Your instructions ->
Your output should be the exact lines from the start of the data through the line containing "CUBES Screen Guard", with no pictures.

[Dataset excerpts]
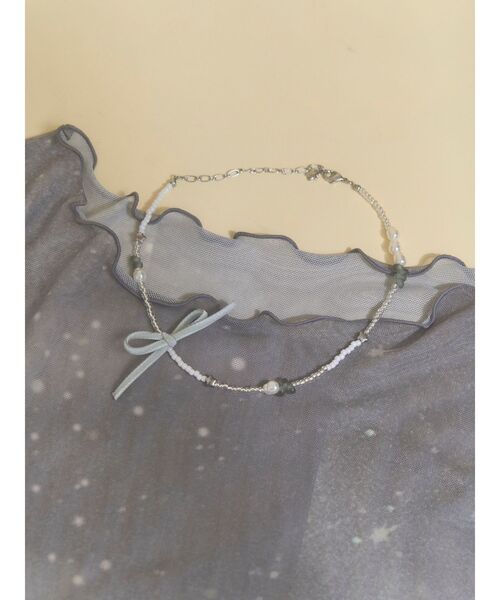 merry jenny(メリージェニー)の「sistars choker necklace(チョーカー・レディース・ミント・FREE)」の19枚目の写真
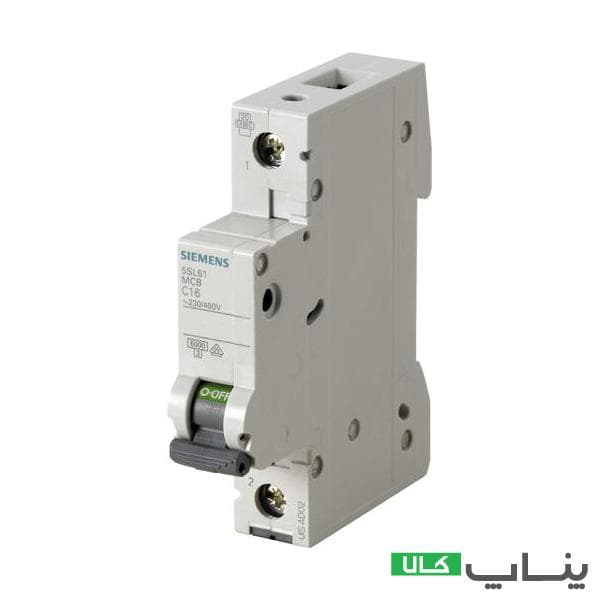 کلید مینیاتوری زیمنس تک پل 10 آمپر 5SL6110-7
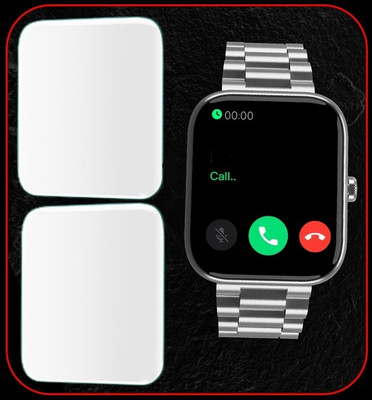 CUBES Screen Guard for Fire-Boltt Encore 1.83 Inch Smart Watch, | Soft and Flexible | Touch Sensitive | Unbreakable | Ultra Thin High Grade TPU Film ( Not a Tempered Glass )(Pack of 2)
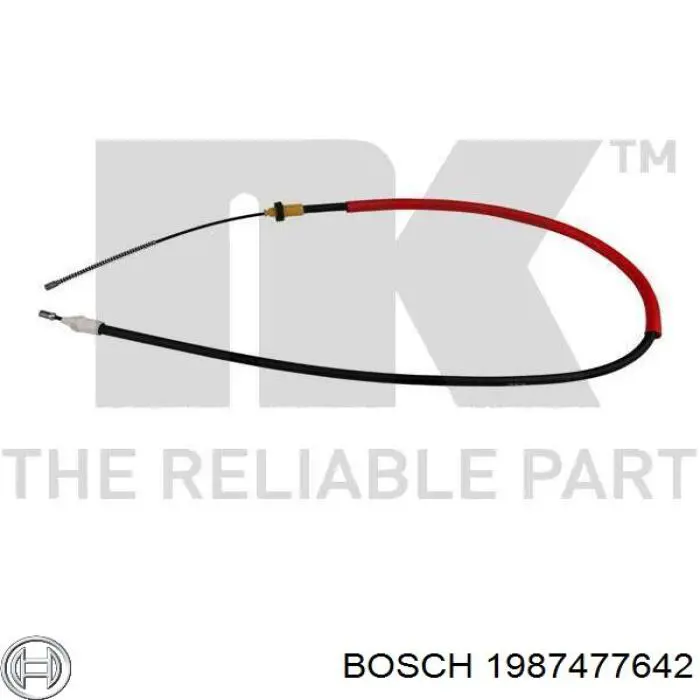 1987477642 Bosch Трос ручника задній лівий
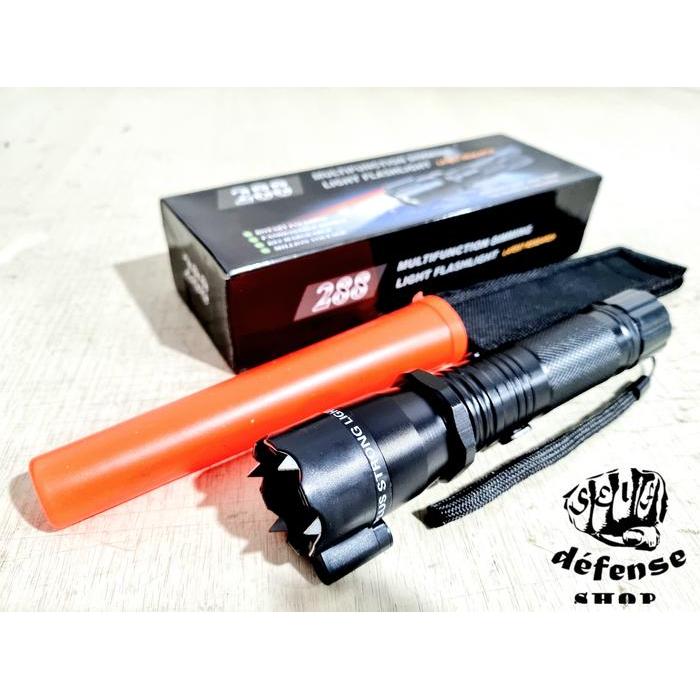 Senter Laser Stun Gun Police Swat/Stun Gun Jl 2018 "Self Defense Shop"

Expected answer ->
 merry jenny(メリージェニー)の「sistars choker necklace(チョーカー・レディース・ミント・FREE)」の19枚目の写真
 کلید مینیاتوری زیمنس تک پل 10 آمپر 5SL6110-7
 CUBES Screen Guard for Fire-Boltt Encore 1.83 Inch Smart Watch, | Soft and Flexible | Touch Sensitive | Unbreakable | Ultra Thin High Grade TPU Film ( Not a Tempered Glass )(Pack of 2)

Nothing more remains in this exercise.